9.9.22

Corrida sem parar

Por Joaquim Letria

Antigamente, quando as pessoas eram criteriosas em vez de serem só espertas, as coisas eram medidas de maneira diferente.

Hoje, tudo se mede pelo padrão do êxito.

O melhor programa é o que tem maior audiência, as pessoas são melhores à medida dos likes e do número de seguidores. A pessoa a deitar abaixo é aquela que atinge quotas elevadas de popularidade e o que importa, seja no que for, é chegar primeiro, e não interessa donde e é irrelevante como. Há muito tempo que a sociedade classificou de corridas de ratos esta atitude hoje glorificada e que com desempregados a espreitarem a cada esquina persiste sem alterações nem mudanças de sentimentos.

Dantes, as coisas mediam-se de maneira diferente. As pessoas compreendiam que o livro de maior sucesso não era necessariamente o melhor, o programa com mais audiência era invariavelmente o mais detestável, entendiam que o futebol, mau grado despertando grandes paixões e arrastando multidões pelo mundo era um jogo muito interessante embora o xadrez não deixar de ser um jogo inteligente e também apaixonante. Também não era preciso explicar que a opinião dum comentador, por muito popular e profissional que este fosse, não era mais acertada do que a dum especialista em matérias levianamente abordadas.

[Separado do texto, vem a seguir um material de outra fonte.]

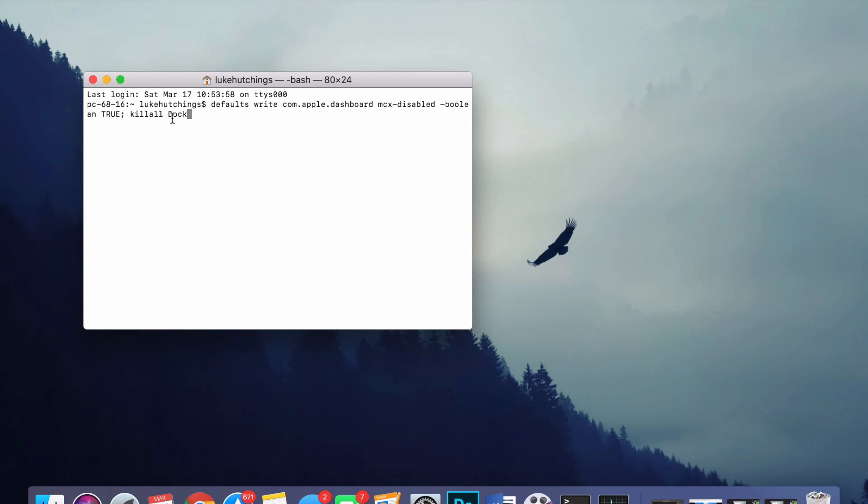So it's a bit of a complicated one - don't ask me what that all means - but basically it just gets rid of the dashboard function on your Mac. You just want to click Enter and it will get rid of it and respawn your Mac slightly.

Tudo isto é uma questão de medida. Estabeleceu-se o êxito como metro-padrão, pois então se tratava da tradução mais correcta para dinheiro, partindo-se do princípio de que o melhor filme, melhor livro, melhor programa, melhor personalidade seriam sempre aqueles que mais lucros gerassem.

Não vale a pena ser nostálgico, recordar o antigamente, ter saudades do antes, pensar que dantes era melhor. Era só diferente. Por isso, nesta corrida para que muitos se deixam arrastar, depressa se descobre que não podem mais parar. Se abrandam, pisam-nos, se perguntam para onde vão ninguém lhes sabe responder. Só uma coisa se lhes afigura certa – a pressa de todos é muito grande, a vontade de perceber o labirinto que percorrem muito pouca ou nenhuma. Que alguém tenha pena deles quando não tiverem outro remédio senão parar sem ser por vontade própria nem esclarecimento pessoal.